Speaker Finian Kelly
Title Effects of Ageing on Long-Term Speaker Verification


Abstract The changes that occur in the human voice due to ageing have been well documented. The impact these changes have on speaker verification is unclear however. Given the increasing prevalence of biometric technology, it is important to quantify this impact. This presentation will describe a preliminary investigation into the effect of long-term vocal ageing on a speaker verification system.

On a cohort of 13 adult speakers, using a conventional verification system, longitudinal testing of each speaker is carried out across a 30-40 year range. A progressive degradation in verification score is observed as the time span between the training and test material increases. Above a time span of 5 years, this degradation exceeds the range of normal inter-session variability. The age of the speaker at the time of training is shown to influence the rate at which the verification scores degrade. Our results suggest that the verification score drop-off accelerates for speakers over the age of 60. The implications of these findings for speaker verification will be discussed along with directions of future work.



9th Februaury 2011

Speaker Claire Masterson
Title Binaural Impulse Response Rendering for Immersive Audio


Abstract This talk will cover the main tenets of my PhD work in spatial audio

reproduction. This includes a method for the factorisation of datasets of head related impulse responses (HRIRs) using a least squares approach as well as a number of regularisation strategies to enable for more psychoacoustically meaningful, initial-condition independent results to be obtained for various types of HRIR data. A technique for the spatial interpolation of room impulse responses using dynamic time warping and tail synthesis will also be covered. The incorporation of both techniques into an overall spatial audio system using the virtual loudspeaker approach will be described.



2nd February 2011

Speaker Damien Kelly
Title Voxel-based Viterbi Active Speaker Tracking (V-VAST) with Best View Selection for Video Lecture Post-production


Abstract An automated system is presented for reducing a multi-view lecture recording into a single view video containing a best view summary of active speakers. The system uses skin color detection and voxel-based analysis in locating likely speaker locations. Using time-delay estimates from multiple microphones, speech activity is analyzed for each speaker position. The Viterbi algorithm is then used to estimate a track of the active speaker. This track is determined as that which maximizes the observed speech activity. This novel approach is termed Voxel-based Viterbi Active Speaker Tracking (V-VAST) and is shown to track speakers with an accuracy of 0.23m.

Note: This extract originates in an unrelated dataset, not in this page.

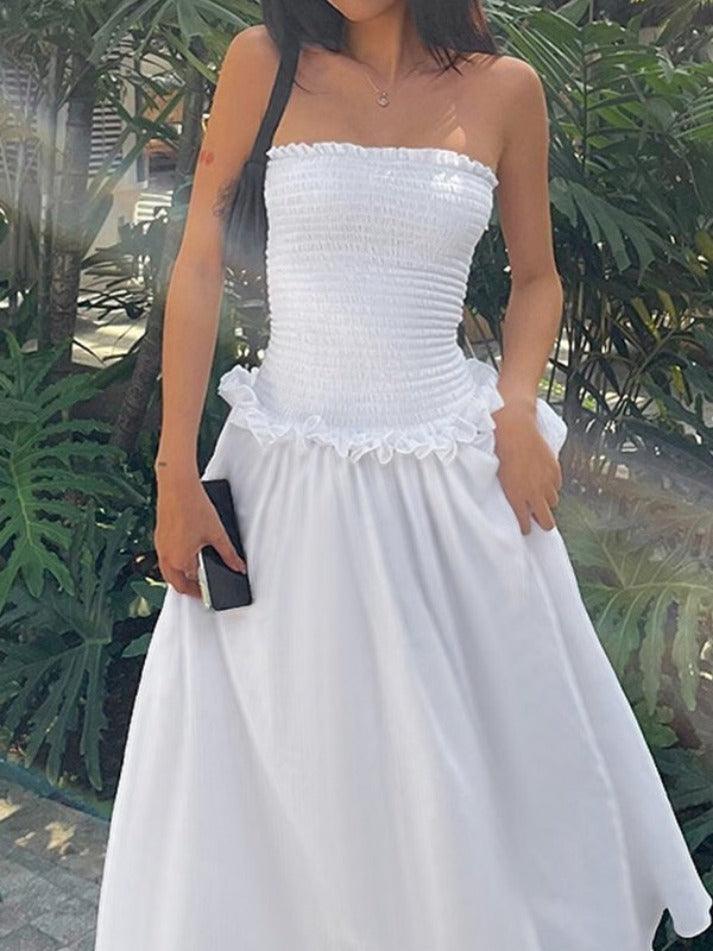 WHITE SMOCKED STRAPLESS DRESS TUBE MAXI DRESS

Using this tracking information, the system is applied as a post-production step to segment the most frontal face view of active speakers from the available camera views.





26th January 2011

Speaker Luca Cappelletta
Title Improved Visual Features for Audio-visual Speech Recognition


Abstract Automatic Speech Recognition (ASR) is technology that allows a computer to identify the words that a person speaks into an input device (microphone, telephone, etc) by analyzing the audio signal. In the past years the technology achieved remarkable results, even if state of the art ASR systems lag human speech perception by up one order of magnitude. A major factor affecting ASR is the signal to noise ratio: in a noisy environment, automatic speech recognition suffers a huge loss in performance. However, is has been proved that human speech production is bimodal by its nature. Moreover, hearing impaired people utilize lipreading in order to improve their speech perception. Thus, it is possible to include visual cues in order to improve ASR. The combination of audio and visual cues forms the so called Audio-Visual Speech Recognition, or AVSR. The main topic of this research is the video branch of a AVSR system. Particularly 'Region of Interest' definition and detection, visual feature extraction and finally visual-only ASR.





19th January 2011

Speaker Felix Raimbault
Title Stereo Video Inpainting


Abstract As the production of stereoscopic content increases, so does the need for post-production tools for that content. Video inpainting has become an important tool for rig removal but there has been little consideration of the problem in stereo. This paper presents an algorithm for stereo video inpainting that builds on existing exemplar-based video completion and also considers the issues of view consistency. Given user selected regions in the sequence which may be in the same location in several frames and in both views, the objective is to ll in this area using all the available picture information. Existing algorithms lack temporal consistency, causing flickering and other artefacts. This paper explores the use of long-term picture information across many frames in order to achieve temporal consistency at the same time as exploiting inter-view dependencies within the same framework.





14th December 2010

Speaker Andrew Hines
Title Speech Intelligibility Prediction using a Simulated Performance Intensity Function


Abstract Discharge patterns produced by fibres from normal and impaired auditory nerves in response to speech and other complex sounds can be discriminated subjectively through visual inspection. Similarly, responses from auditory nerves where speech is presented at diminishing sound levels progressively deteriorate from those at normal listening levels. The Performance Intensity Function is a standard listener test that evaluates a test subject’s phoneme discrimination performance over a range of sound intensities. A computational model of the auditory periphery was used to replace the human subject and develop a methodology that simulates a real listener test. This work represents an important step in validating the use of auditory nerve models to predict speech intelligibility.





7th December 2010

Speaker Mohamed Ahmed
Title Reflection Detection in Image Sequences


Abstract/Details

Reflections in image sequences consist of several layers superimposed over each other. This phenomenon causes many image processing techniques to fail as they assume the presence of only one layer at each examined site e.g. motion estimation and object recognition. Reflections can arise by mixing any two images and hence detecting them automatically remains a hard problem that was not addressed before. This work presents an automated technique for detecting reflections in image sequences by analyzing motion trajectories of feature points. We generate sparse and dense detection maps and our results show high detection rate with rejection to pathological motion, occlusion, and motion blur.



12th October 2010

Speaker Bruno Nicoletti
Title Developing VFX for Film and Video on GPUs


Abstract/Details

In the visual effects world, London-based award-winning firm The Foundry is renowned for its software. Bruno Nicoletti, founder and CTO of The Foundry, speed-talked through a tour of the company’s tools and software, demonstrating to an audience with a healthy population of VFX artists and developers how GPUs are changing the industry in “Developing GPU-Enabled Visual Effects for Film and Video.”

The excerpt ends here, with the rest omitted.